Sriinaath Raghavan shared a wonderful piece on Fb regarding Bhagawan Ramana's anger at seeing food go to waste.
"Sri Ramana Maharishi was a stickler for Time, Discipline, and Food. He was very particular about these three and if He saw anyone wasting any of it, He would not refrain from reprimanding them.
Once He saw a sizable waste of leftover vegetable peels in the Ashram Kitchen from the day's cooking and He wasn't too happy about it so He inquired immediately, "What are you going to do with all these vegetable peels?"
One of the inmates, an old lady, said, "Sure what can we do but discard it?"
Sri Ramana clearly wasn't happy with the response and said, "Do you know how much Effort, Time, and Discipline Prakriti (Nature) takes to create and sustain Creation? We on the other hand are quick to dispose of anything and everything that we don't deem fit? Wastage is the greatest sin and not knowing what to do with what we have is the greatest ignorance?"

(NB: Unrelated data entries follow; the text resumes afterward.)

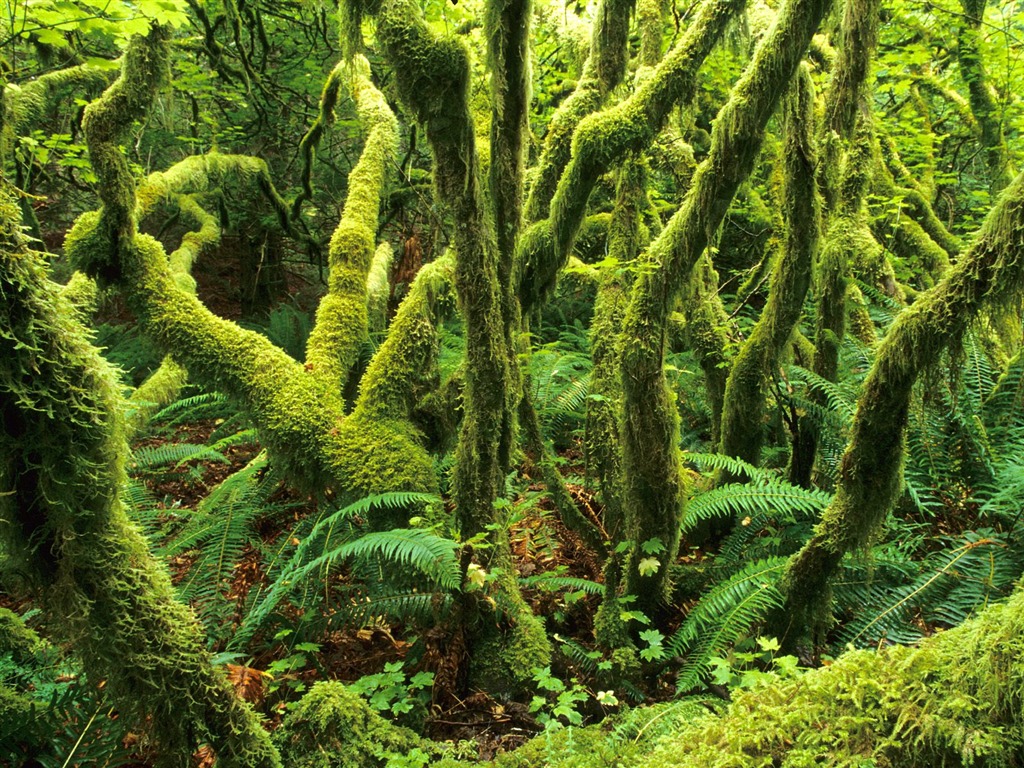 树木植物 壁纸(二)12 - 1024x768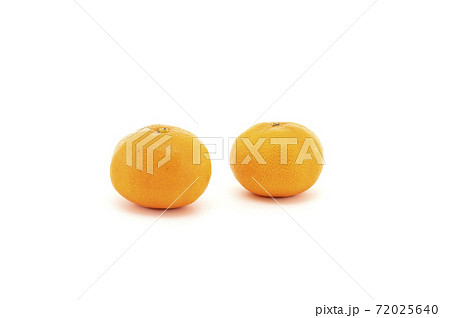 ミカン 72025640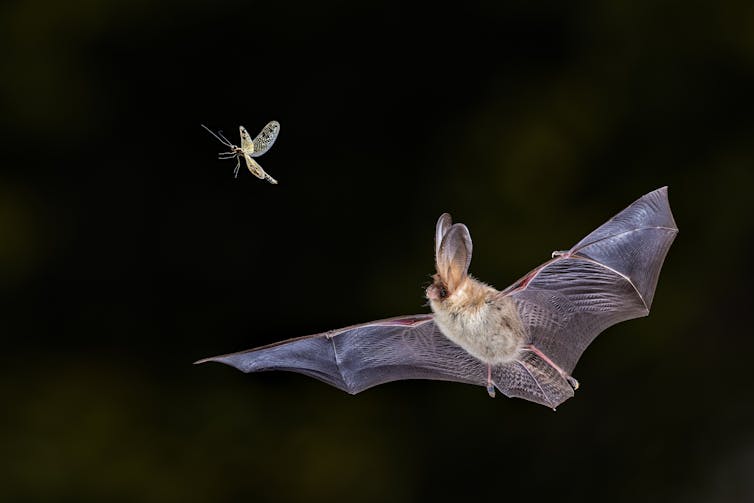 Fledermaus fliegt und versucht, in der Luft eine Motte zu fangen.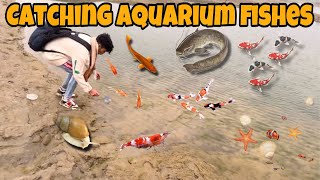 Catching Aquarium Fishes In Village  मैंने मछलियाँ पकड़ लीं [upl. by Ginsberg543]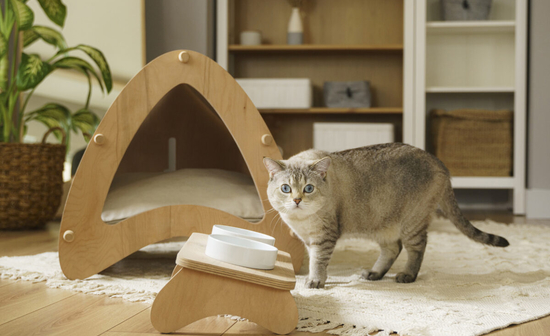 Cat bed
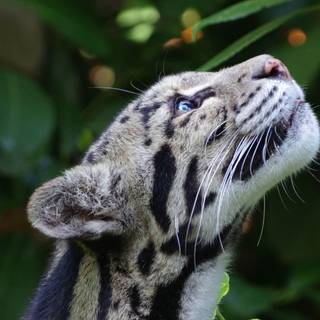 4k wild life wallpaper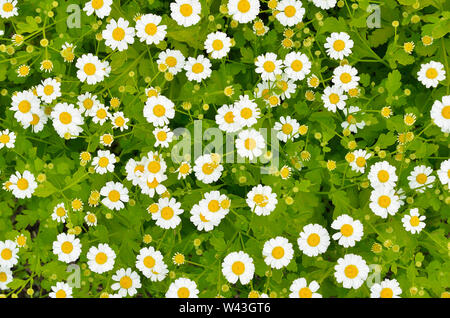 Blumen Mutterkraut (Tanacetum parthenium) im Garten, Ansicht von oben Stockfoto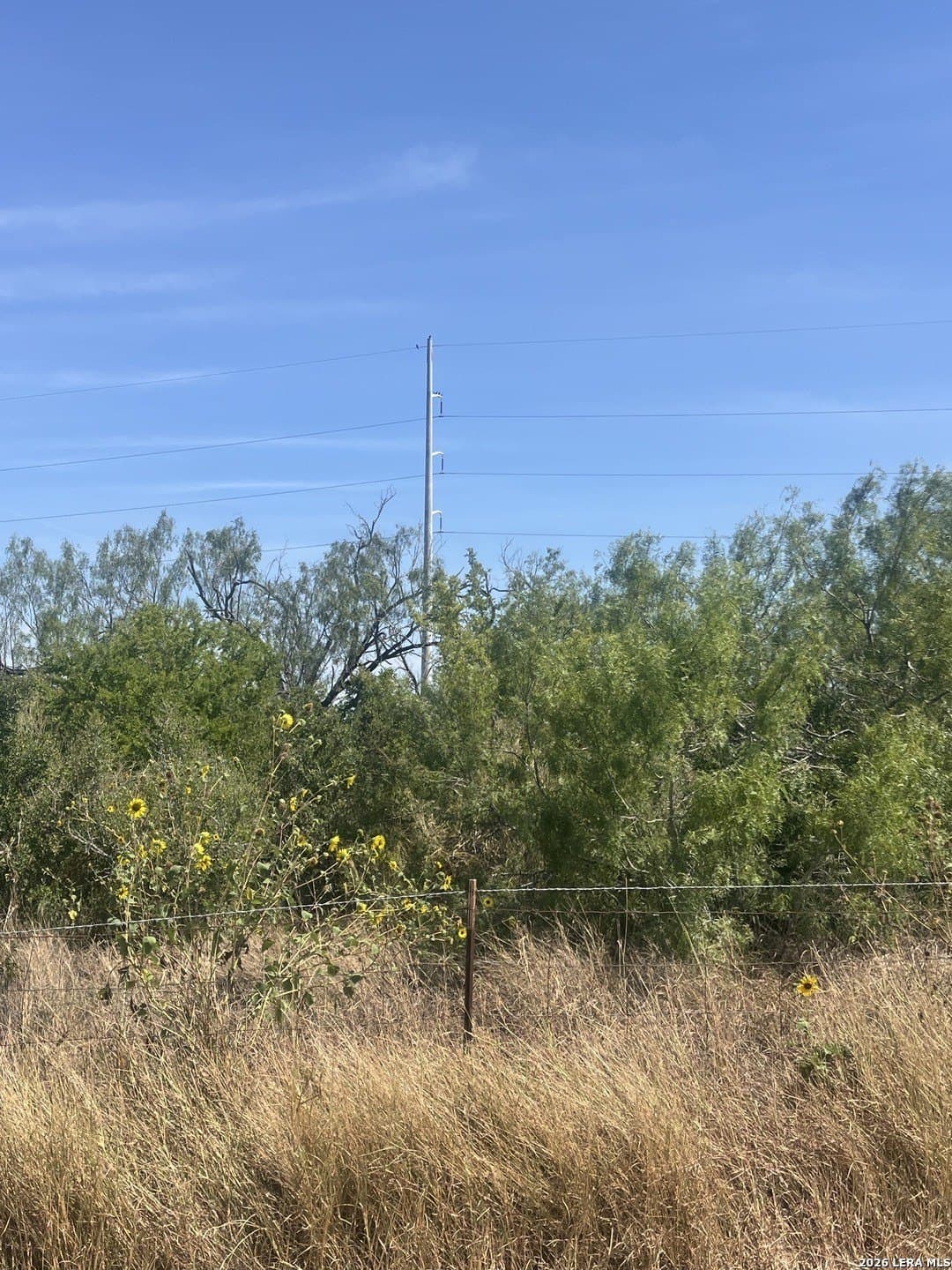 2.75 acres in Atascosa County - photo 5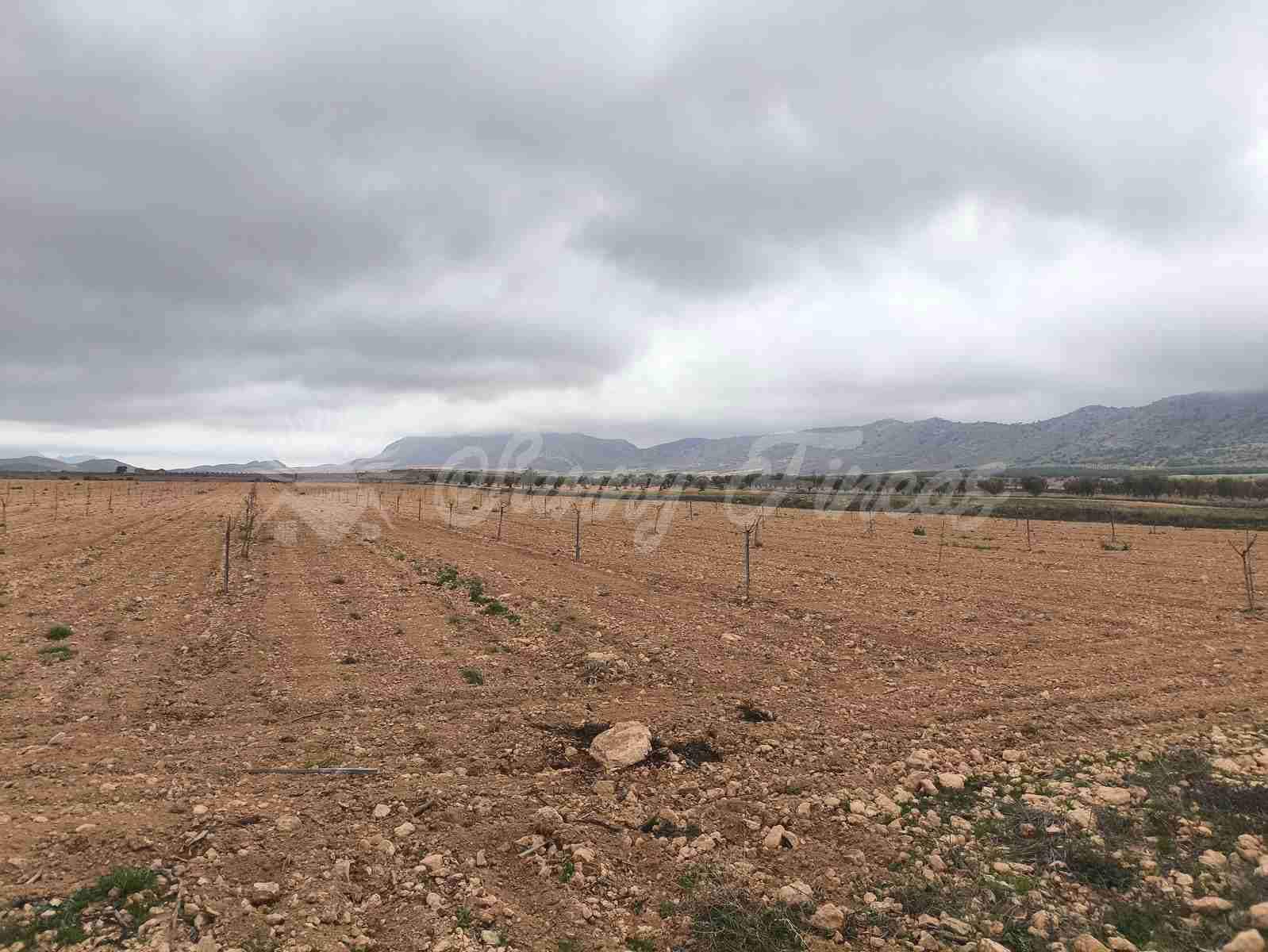 Building Plot for sale in Yecla - € 47,000 (Ref: 9720931)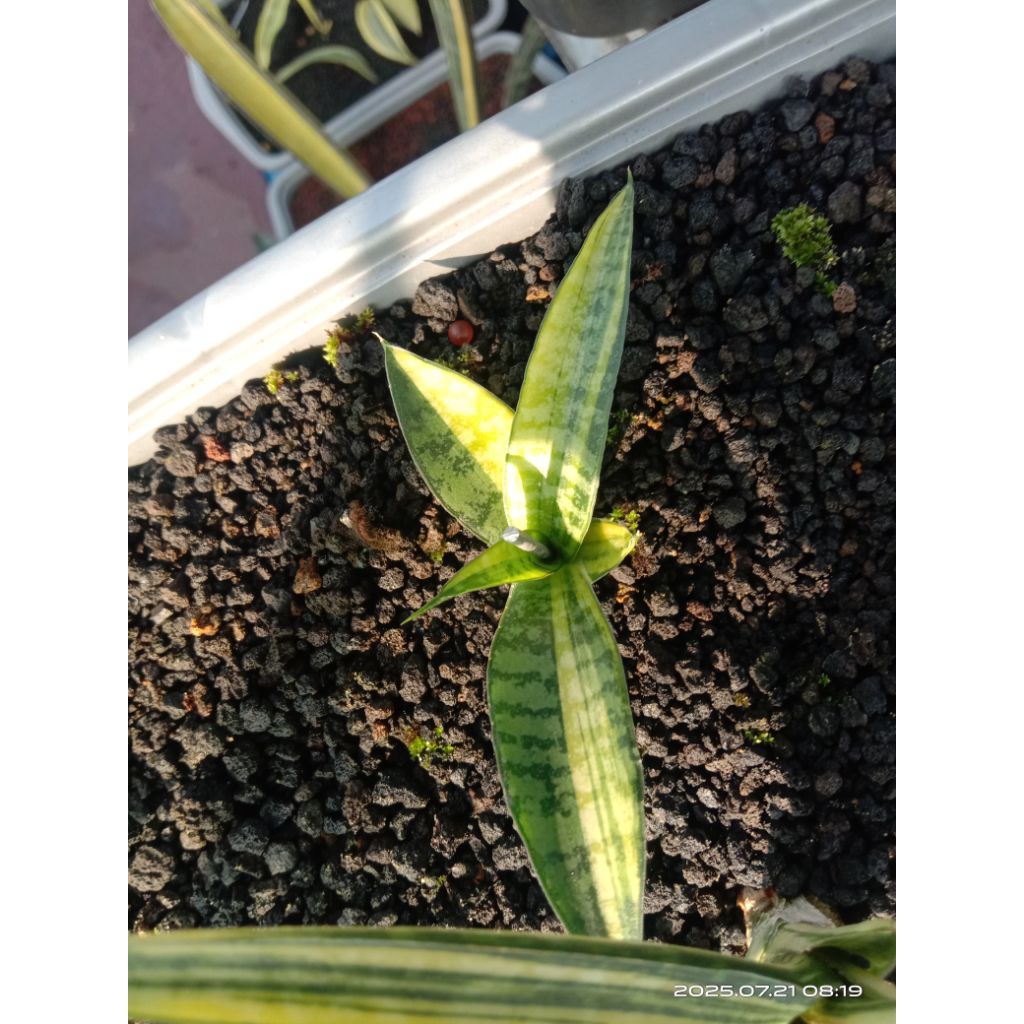 sansevieria personi cordova variegata / lidah mertua personi cordova va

Everyone looked at Ramana with guilty eyes, when Ramana demonstrated what to do next. He collected all the vegetable peels, washed them thoroughly, added some rock salt, green chilies, and curry leaves, and ground them in a mortar. When this "Dheedeer Chutney" or "Sudden Chutney" was served to all the Ashram inmates for supper, they relished it so much that it became a lifelong practice in the days to come. Even today when you visit Sri Ramana Ashramam in Tiruvannamalai, this inimitable "Dheedeer Chutney" is still served with a wise old lesson - "Don't waste what you have, be it Time, Food, or Wealth; else you won't qualify to receive what you deserve!"
I began to cherish food after befriending a colleague at the office I joined in 1980. Prior to taking up the new job with me, he was in the statistics department. Once he lost his way while carrying out his work in the Aborigine settlement in Tanah Rata Cameron Highlands. After several hours he finally walked onto the road heading for the aforementioned small town. His hunger pangs forced him to pick the Hibiscus flowers from the plants that were grown by the local council along the road till he laid his eyes on the town and satisfied his hunger in one of the restaurants. He shared another story that changed both his life and mine. As he was passing along the back lane of the capital city, he chanced to see an old man standing with a vessel. He was collecting the wastewater that was discharged from the sink of a restaurant. On questioning him, the man told him he was collecting grains of rice that were washed out as the dishes were cleaned in the restaurant. He would boil and eat it.
A Muslim colleague from the office who had a Sufi master in Indonesia said that his master would wash his hands in the very plate he ate and drink the water too. When Tavayogi took me to meet Suyamjothi Swami at his Satgurunathar ashram in Ooty, we were served a simple lunch, rice, and soup. If it was home I would have cleaned the plate but as I was in public, I took what came into my hands and left the soup behind. Suyamjothi Swami walked up to me and asked me to drink the remaining soup. When we began to serve cooked food first to the inmates of old folks' and children's homes, later to the homeless on the streets, and finally to the poor in low-cost flats, we began to cherish food more and more. Today we clean the plate and lick our fingers clean.
Just as after Agathiyar came to stay permanently in my home it became his Vanam or garden, just days ago when Agathiyar came he acknowledged the small herbal and vegetable garden my daughter had started telling her that it was his herbal garden. We add home-grown vegetables to our plate of meals these days.
Eating has become all the more sacred now. The moment I take my seat, energy transpires through me. I eat and savor the food in silence. The energy reaches the very core of my cells. I guess prana from the food as with prana from breath was absorbed within the entire body. Let us not waste food for as Bhagawan says, "Don't waste what you have, be it Time, Food, or Wealth; else you won't qualify to receive what you deserve!"